What I Learned from Helping Introverts Master Public Speaking — Salvatore Manzi
Salvatore Manzi (leadership communications coach, author of Clear and Compelling) · Episode 13
Communicate Like a Leader
Salvatore Manzi is an introvert who became a leadership communications coach after his father's example of public speaking scared him into trying it — and he spent the next 20 years building the frameworks he wished had existed for quieter, data-driven leaders. His central argument is that presence is not a personality trait; it is a physical practice that can be trained through breath, posture, space-taking, and the disciplined use of the pause. For introverted leaders, this episode is one of the most technically specific in the series — a toolkit, not just a philosophy.
The longer I wait to speak, the more pressure builds — the more gravitas I need to bring to that one comment.
Presence determines influence.
People can't listen until they feel heard.
Not about me, not about me, not about me — I'll say it ten times before a contentious conversation.
Key Stories
- Public speaking as “turning my body on fire”: Salvatore opens by describing how terrifying it was, then explains that the fear itself was the reason he committed — he needed to conquer his greatest fear, and kept getting back on stage until he did.
- Stand-up comedy class as research: As a communications professional, Salvatore took a stand-up comedy class to experience the highest-stakes version of public speaking. His first set went well because he prepared for a specific audience; his second bombed because he didn’t adapt. The lesson: prepare but never follow a script, and know your audience.
- Greg’s deadpan humor as a meeting entry strategy: Greg shares that he breaks the seal in meetings with deadpan humor — “plausible deniability if no one laughs” — and Salvatore validates that introverts’ heightened attunement to room dynamics makes them better at reading the moment for this than extroverts.
Techniques & Frameworks
- Break the seal early: Speak within the first five minutes of any meeting — even a small, simple contribution — to release the building pressure that makes the longer you wait, the more gravity your eventual comment must carry.
- The anticipatory pause: Pause not at commas or periods, but mid-sentence — so the room knows more is coming. This holds attention rather than inviting interruption. Three to five seconds of pause reads as intentional; one to two seconds reads as forgetting your place.
- Space, silence, stillness: The three physical markers of presence. Take up space (elbows away from body), move with stillness (graceful, intentional gestures), and hold silence comfortably. Move 5% slower than everyone else in the room.
- The exhale technique: Calm physiological arousal not by inhaling deeply (which opens the rib cage and speeds the heart) but by taking a slow, long exhale and holding the chest cavity closed after — a counterintuitive but research-supported technique.
- You then me: When triggered by anger or agitation, begin by voicing your understanding of the other person’s world — their hopes, fears, and context — before asserting your own position. Forces empathy and often dissolves the conflict before escalation.

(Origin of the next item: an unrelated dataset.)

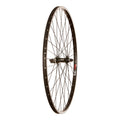 Wheel Shop, SunRingle CR18 / SHIMANO XT M8000 700C, Wheel, Front, 700C / 622, Holes: 36, QR, 100mm, Rim and Disc CL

- 54-3-2-1 grounding: Five things you can see, four you can hear, three you can touch, two you can smell, one you can taste. Interrupts perseveration and restores present-moment awareness.
- Reframe the rush: Relabel the adrenaline surge before speaking as excitement rather than fear. The physiological experience is identical; the interpretation changes the outcome.
- People want a dialogue, not a download: Stop presenting the whole buffet. Take the order. Bring one dish at a time. Senior leaders want to engage your thinking, not audit your data.